I am planning a Roth Conversion strategy for a $5M pre-tax account in conjunction with a $1M brokerage account that has no current unrealized LTCG and a $700K loss carryover. Pralana is quite insistent that choosing to withdraw funds with CG last is the smart move here, but I have not been able to rationalize why this is true. I reason that my loss carryover is not indexed to inflation, so I should use it up as early as I can. That will happen (I think) when I elect to withdraw funds with LTCG first.
What am I missing, or thinking about wrong here ?
With such a large carryover loss and no current unrealized gains, it doesn't sound like it should matter.
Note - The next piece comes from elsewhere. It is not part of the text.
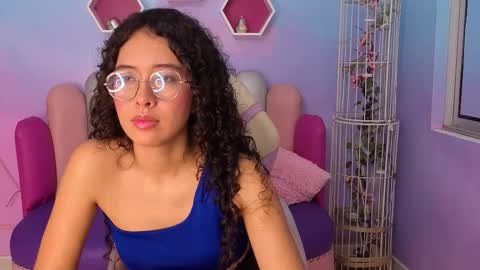 Snapshot of sashamonroee_ chatting on October 31, 12:00 am SashaMonroee online show from October 31, 12:00 am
Under what circumstance would you ever pay LTCG taxes on asset sales?
I was modeling Roth conversions to the top of of the 24% fed tax bracket for between 4 - 10 years. Since I tell Pralana to pay the taxes with the brokerage account, the loss carryover gets used up and then unrealized gains come into the picture.
As an aside, I don't really expect the TJCA to last 10 years, I wanted to see if my expectation that Roth conversions increase the final effective balance to a point, and then decrease as I 'overpay' early taxes was correct. Beyond just getting to know Pralana, and finding that Pralana justified my intuition, I figured that knowing the 'breakeven' point and having a general understanding of the rate of change was useful.